Cases prosecuted in military commissions now “are sure to be subject to continuous legal challenges and delays, and their outcomes will not be seen as legitimate. That is not justice,” said ACLU executive director Anthony D. Romero.
Holder said it is unclear whether the five men could receive the death penalty if they plead guilty in military court.
The political fight over where to try the alleged 9/11 plotters is part of a bigger battle in which Republicans want no detainees from Guantanamo Bay brought into the United States.

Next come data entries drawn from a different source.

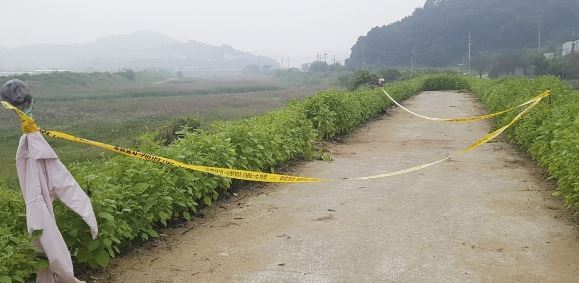 A woman's body was found near a riverbank in Cheongju, North Chungcheong Province, early Tuesday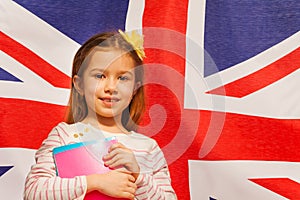 Photo of girl with textbooks against English flag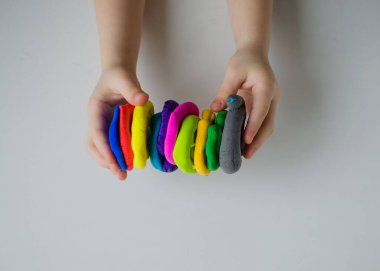 Child hands playing with colorful clay. Homemade plastiline clipart
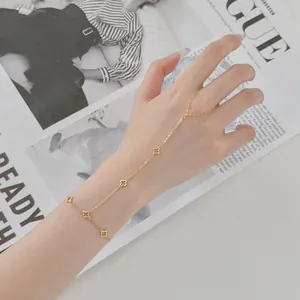 Élégant bracelet de doigt en trèfle à quatre feuilles doré, vue détaillée sur la main.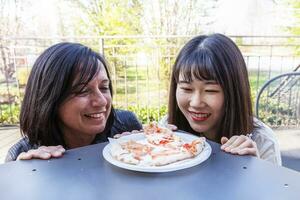 giovane multietnico femmina amici Guardando un' gustoso Pizza foto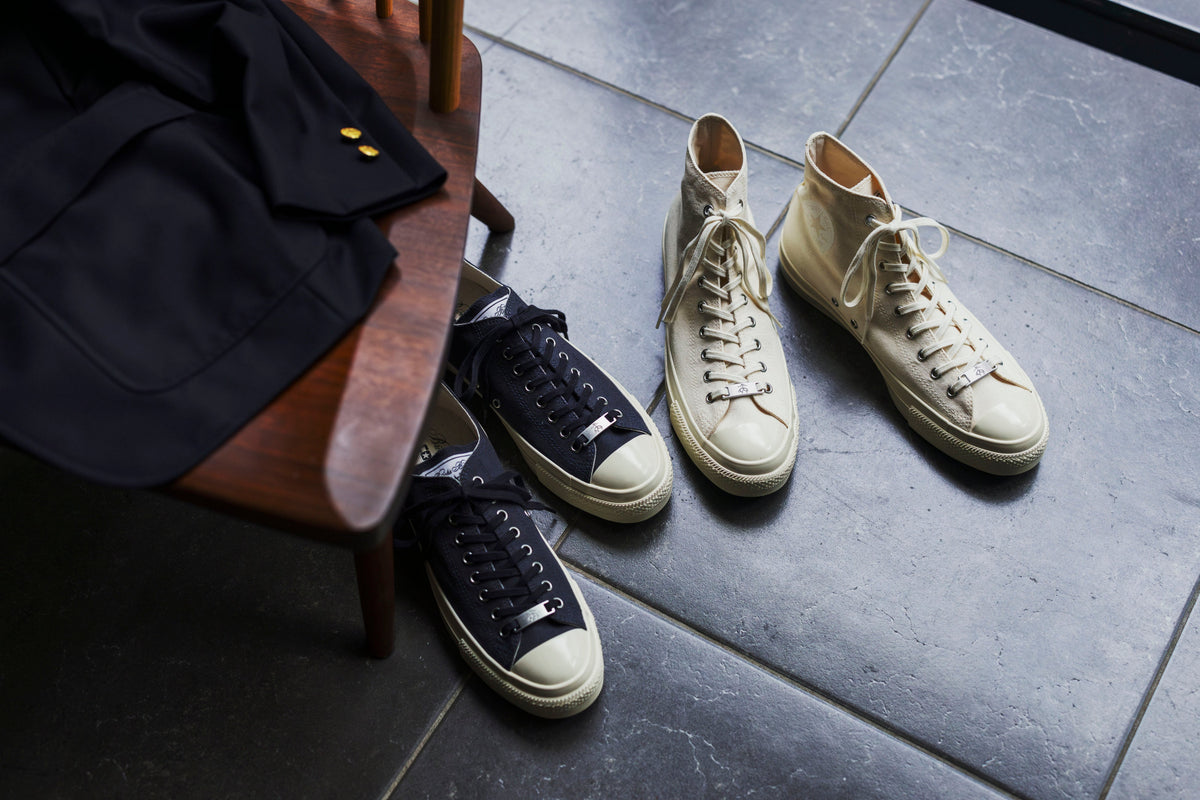 Brooks Brothers × Converse All Star Aged HI and OX styled on a stone floor beside a navy blazer — official Brooks Brothers Japan press image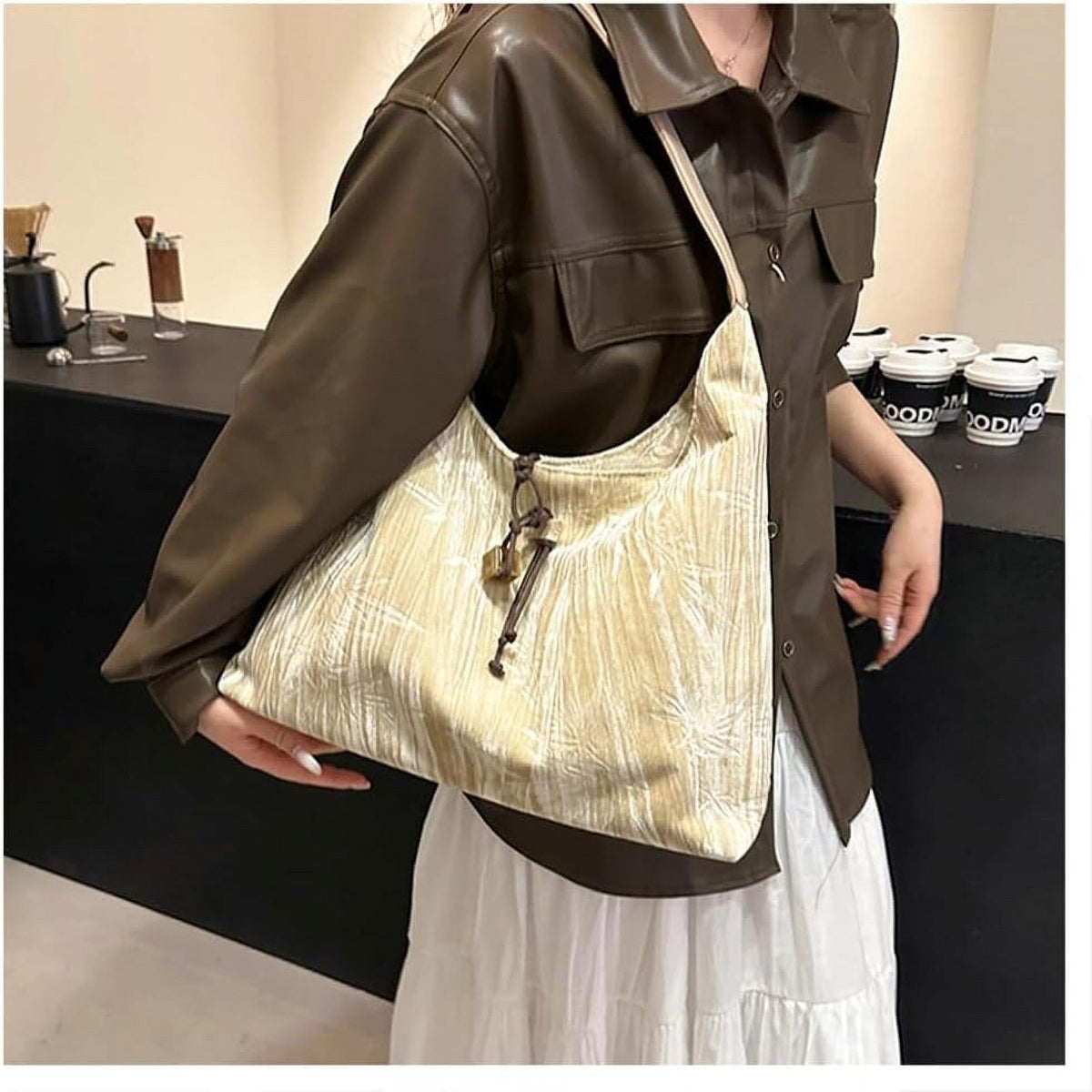 Amélie shoulder bag in champagne carried under the arm by a model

In a letter sent Monday, Holder assured Sen. Richard Durbin, D-Ill., that the administration has no intention of moving Guantanamo Bay detainees into a shuttered Illinois prison. Originally, the administration intended for Gitmo detainees to be housed there as part of a plan to close Guantanamo Bay. Despite Congress’ restrictions on transferring detainees from Guantanamo, the administration still formally supports closing the military prison there.
During a military hearing at Guantanamo Bay in 2007, Mohammed confessed to planning the Sept. 11 attacks and a chilling string of other terror plots.
Many of the schemes, including a previously undisclosed plan to kill several former U.S. presidents, were never carried out or were foiled by international counterterror authorities.
Mohammed made clear that al-Qaida wanted to down a second trans-Atlantic aircraft during would-be shoe bomber Richard Reid’s failed operation later in 2001.
The other four alleged co-conspirators are Waleed bin Attash, a Yemeni who allegedly ran an al-Qaida training camp in Afghanistan; Ramzi Binalshibh, a Yemeni who allegedly helped find flight schools for the hijackers; Ali Abd al-Aziz Ali, accused of helping nine of the hijackers travel to the United States and sending them $120,000 for expenses and flight training, and Mustafa Ahmad al-Hawsawi, a Saudi accused of helping the hijackers with money, Western clothing, traveler’s checks and credit cards.
Mohammed allegedly proposed the idea for the Sept. 11 attacks to Osama bin Laden as early as 1996, obtained funding for the attacks from bin Laden, oversaw the operation and trained the hijackers in Afghanistan and Pakistan.
Mohammed was born in Pakistan’s Baluchistan province and raised in Kuwait.